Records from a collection

----------------------------------------

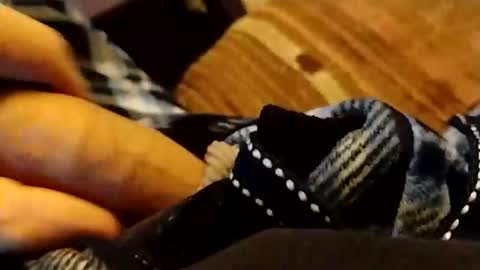 hardandhorny422 online show from 04.12.26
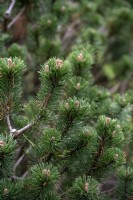 Pinus mugo 'Sherwood Compact' pin des marais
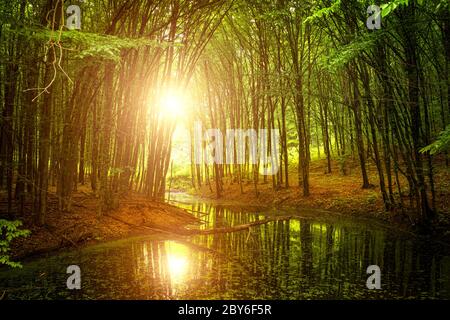 Ruhiger breiter Fluss in einem mystischen Wald. Stockfoto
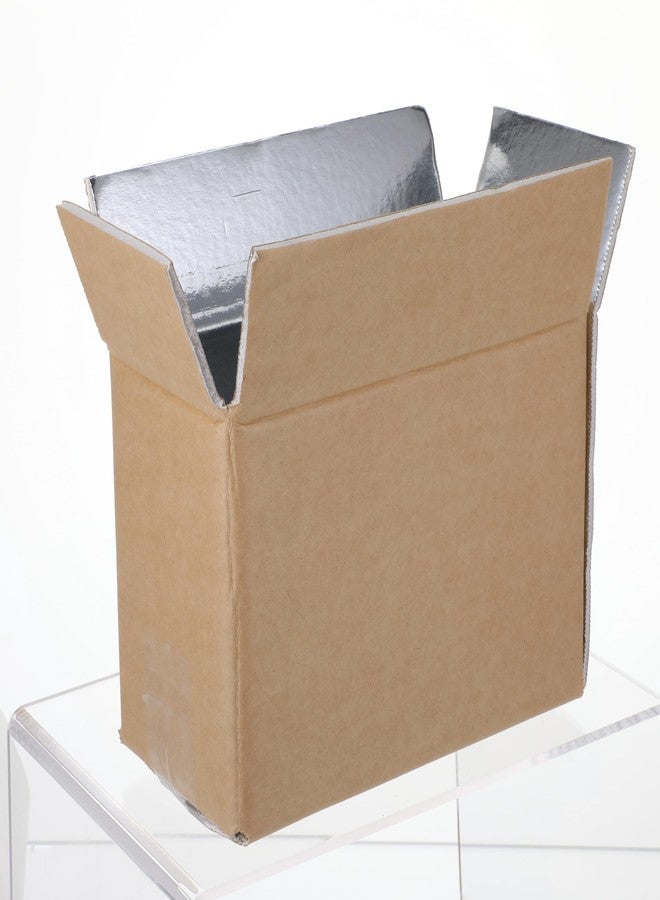 AojSup 10 Pcs Insulated Shipping Box Cold Chill Double Insulated Carton with Foil Foam Cooler Boxes Delivery Moving Kits Foam Shipping Containers for Mailing Packing, Box Inside 8.66 x 4.52 x 6.3 in - Image 4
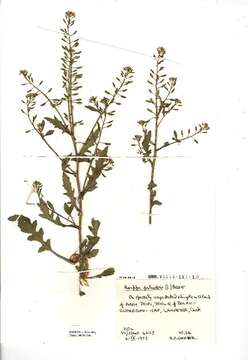 Image of bog yellowcress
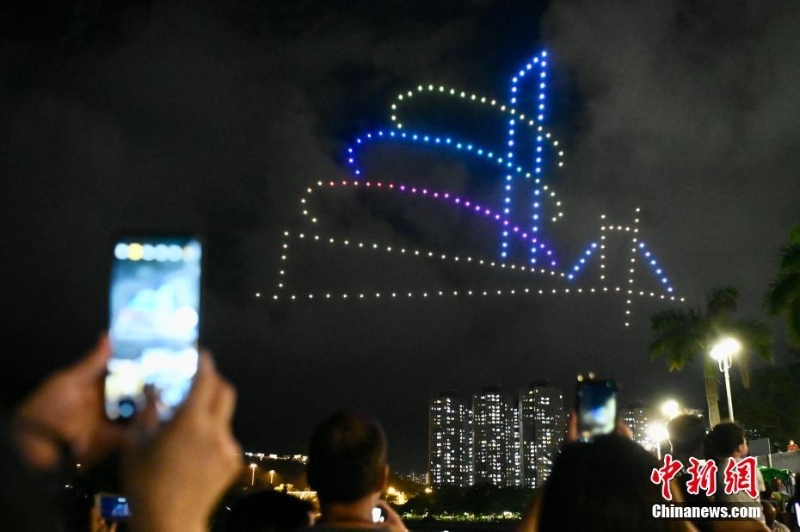 香港大埔海、陸、空匯演慶回歸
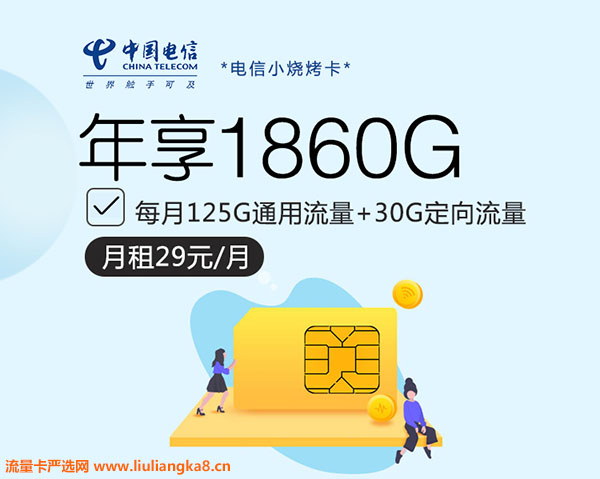 【20年有效】2023年电信流量卡29元155G（小烧烤卡）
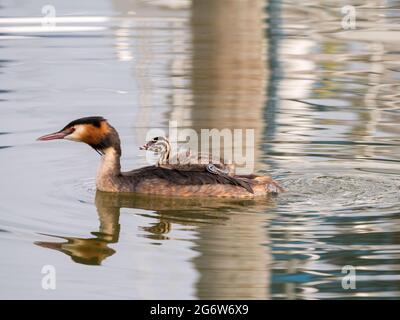 Grèbe huppé Podiceps cristatus, juvénile, effectué à l'arrière de l'adulte, Pays-Bas Banque D'Images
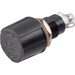 Bulgin FX0365 FX0365 Sicherungshalter Passend für (Sicherungen) Feinsicherung 5 x 20mm 6.3A 250 V/AC 1St.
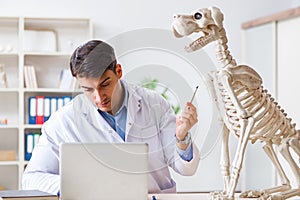 The doctor vet practicing on dog skeleton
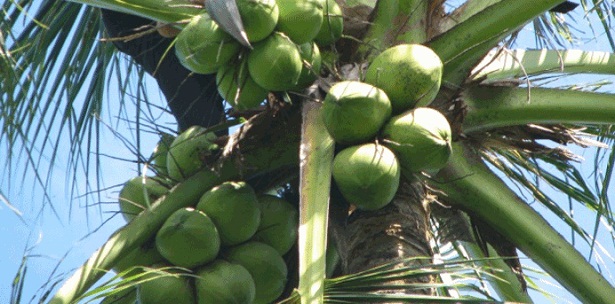 Teks Laporan Observasi Kelapa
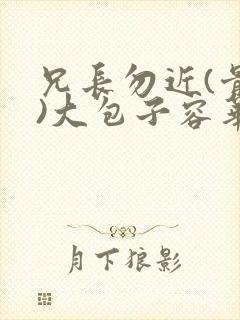 兄长勿近(骨科)大包子容华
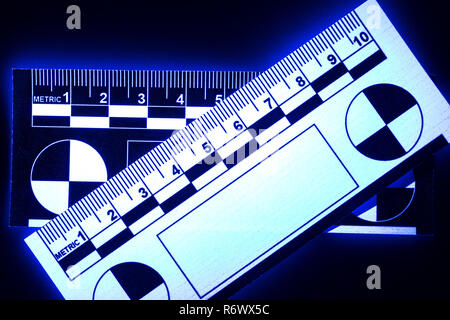 Photomacrographic forensic scale lit under UV light and glows 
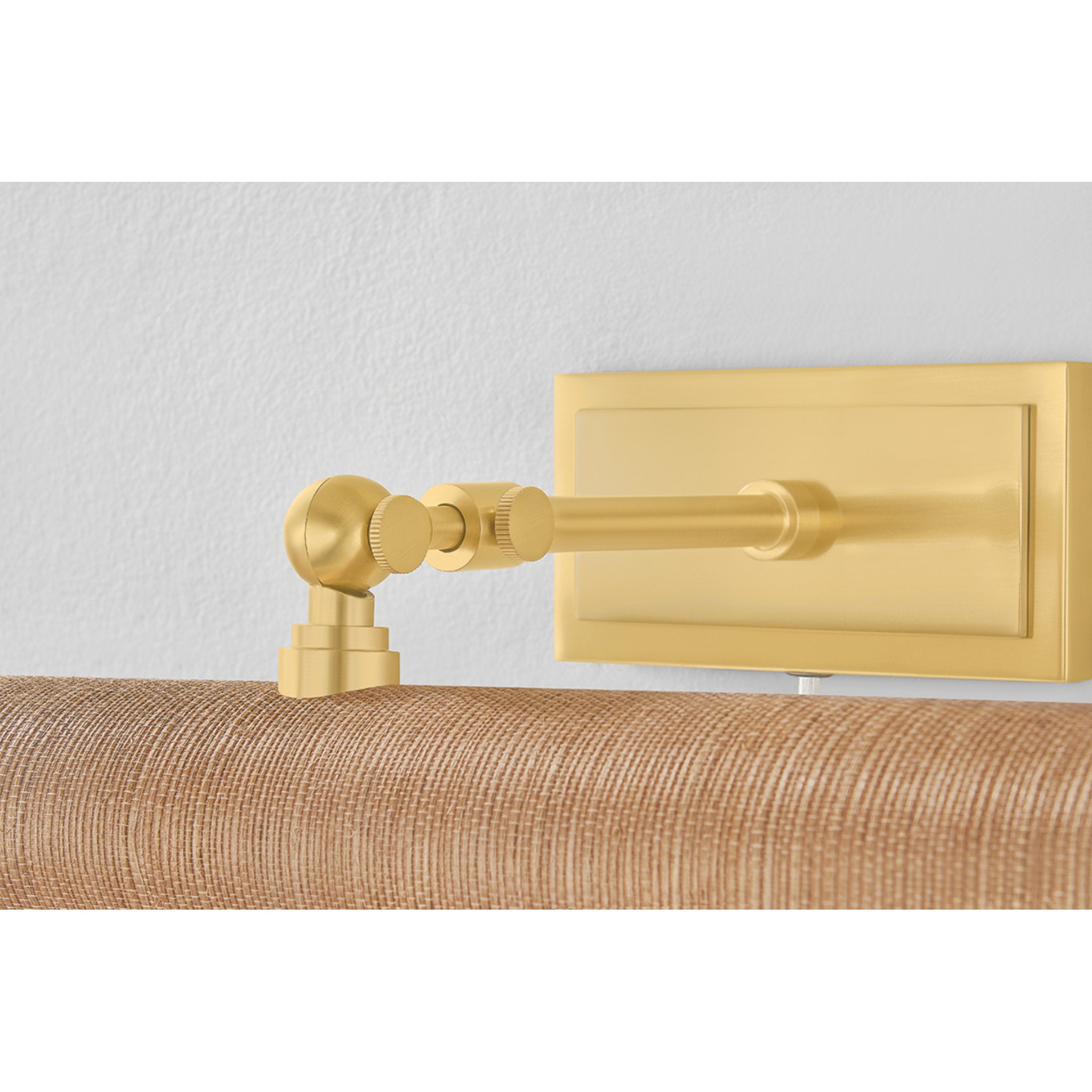 Holly 2-Light Picture Light in Aged Brass 16.25W x 4.75H (HL263202-AGB/GC)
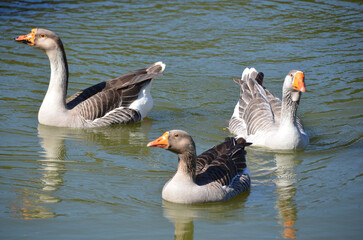 Obraz premium Beautiful Greylag Geese (Anser anser) swimming in the lake.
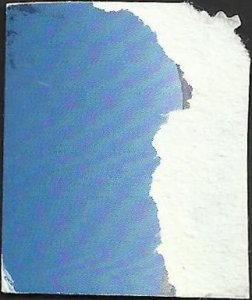 # 5679 Used Mountain Flora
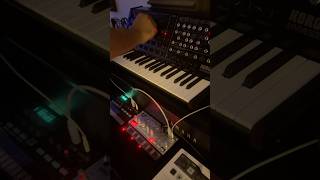 Korg MS20mini  volca bass live jam 2 [upl. by Suirada]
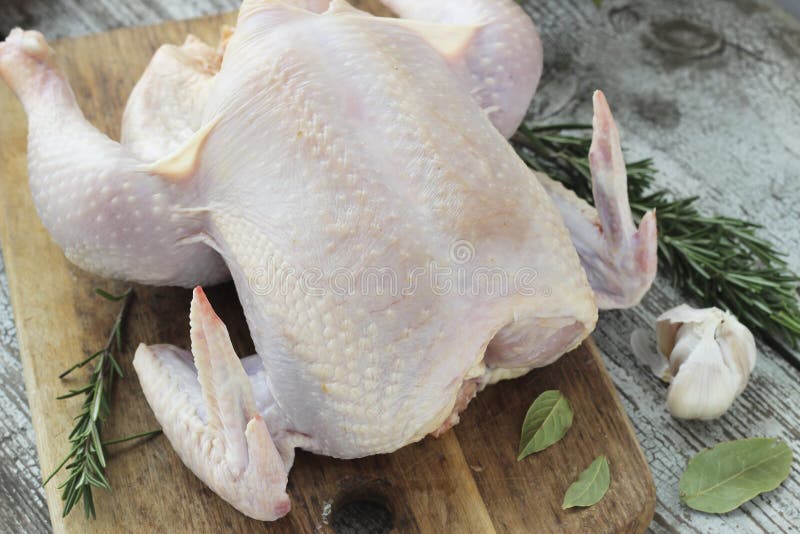 Whole Raw Chicken with Rosemary on a Cutting Board Stock Image Image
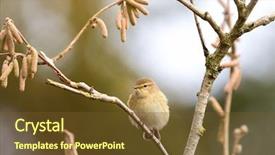  Presentation with branch - Slides with north african leaf warbler background and a tawny brown colored foreground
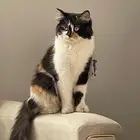 قطه لتبني عمرها 8شهور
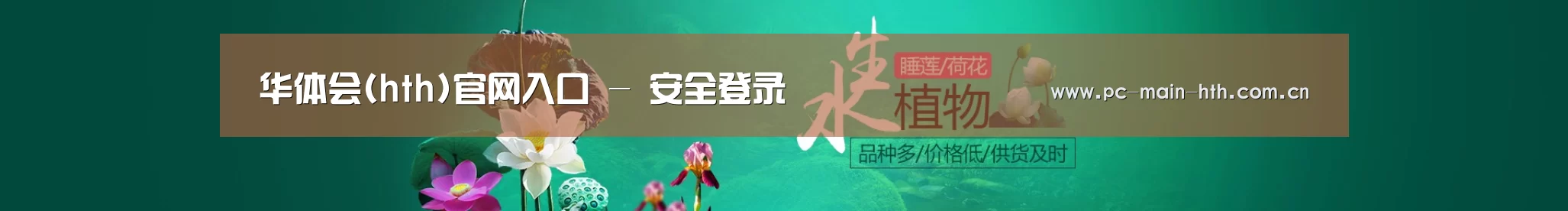 鲜花水草花卉网站模板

----------------------------------------

Work to complete: In the records above, locate the line containing "香港大埔海、陸、空匯演慶回歸", then copy exactly that line and every line after it through the end, omitting pictures.

Task response:
 香港大埔海、陸、空匯演慶回歸
 【20年有效】2023年电信流量卡29元155G（小烧烤卡）
 Grèbe huppé Podiceps cristatus, juvénile, effectué à l'arrière de l'adulte, Pays-Bas Banque D'Images
 Bulgin FX0365 FX0365 Sicherungshalter Passend für (Sicherungen) Feinsicherung 5 x 20mm 6.3A 250 V/AC 1St.
 The doctor vet practicing on dog skeleton
 Teks Laporan Observasi Kelapa
 兄长勿近(骨科)大包子容华
 Photomacrographic forensic scale lit under UV light and glows 
 Holly 2-Light Picture Light in Aged Brass 16.25W x 4.75H (HL263202-AGB/GC)
 Obraz premium Beautiful Greylag Geese (Anser anser) swimming in the lake.
 # 5679 Used Mountain Flora
 Korg MS20mini  volca bass live jam 2 [upl. by Suirada]
 Whole Raw Chicken with Rosemary on a Cutting Board Stock Image Image
  Presentation with branch - Slides with north african leaf warbler background and a tawny brown colored foreground
 قطه لتبني عمرها 8شهور
 鲜花水草花卉网站模板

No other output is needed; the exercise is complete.